When I first saw Megaton Rainfall it was running on a PS4 Pro on a standard TV screen and I was blown away. The ability to explore an entire planet combined with some stunning city-wide destruction seemed overwhelming. As impressed as I was, though, I was sure the game probably wouldn’t hold up on PSVR, especially running on my standard PS4. Well, I’m very happy to be wrong.

Developed by Pentadimensional Games, Megaton Rainfall is sort of like a superhero simulator inside Google Earth. You control a supernatural being not too dissimilar to Superman, with the ability to fly across the globe in seconds, shoot energy blasts from your hands, stop time and more. You’re also invincible, which comes in handy as you take on waves of alien invaders that threaten to level entire cities. Cleverly, your success isn’t measured on your own health but instead the casualties you avoid as you fight.
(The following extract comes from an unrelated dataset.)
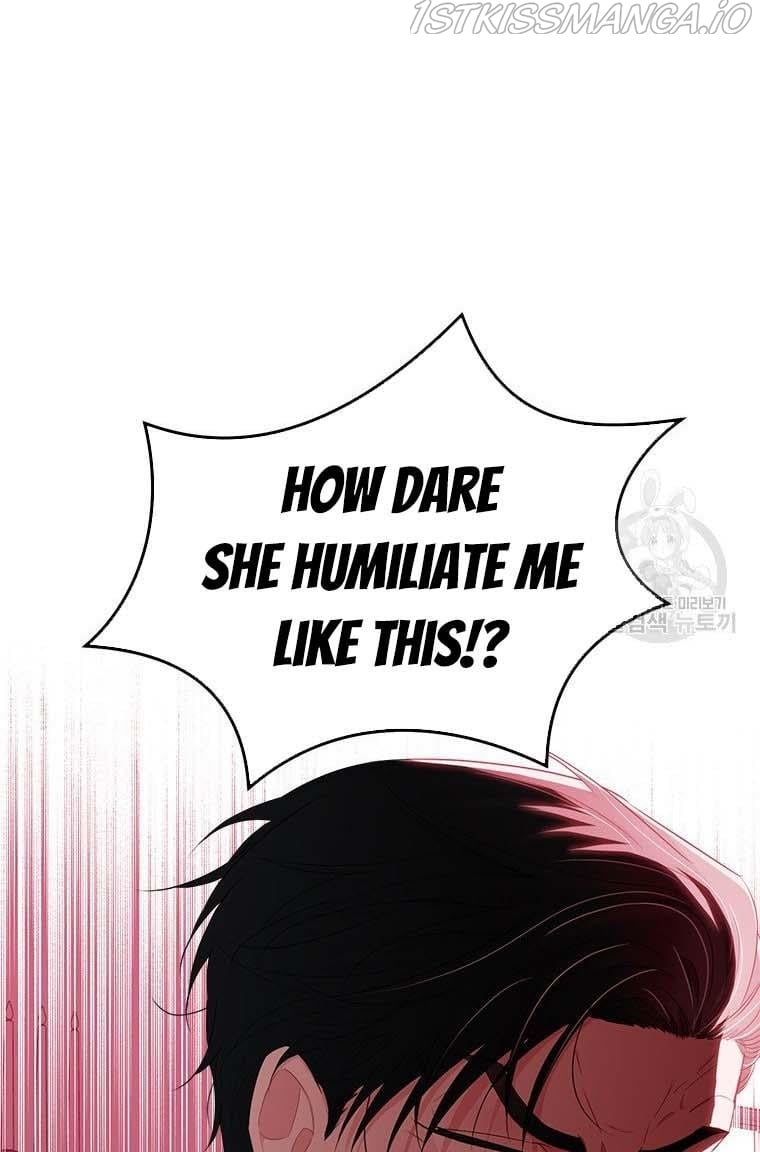 The Young Lady I Served Became a Young Master Chapter 73 - page 81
In a way it feels like a direct response to the climactic battle of 2013’s Man of Steel, in which Superman tore through Metropolis with seemingly little concern for its citizens or the destruction he was causing. In Megaton Rainfall, you’re at liberty to cause that same amount of chaos; your own attacks can topple a skyscraper or outright flatten a city center, but it’s up to you to take care and responsibility with your powers and save as many lives as possible. There’s more story to it than I’m outlining, though to be frank it riffs on The Talos Principle a little too much and often feels like a speed bump to your progression.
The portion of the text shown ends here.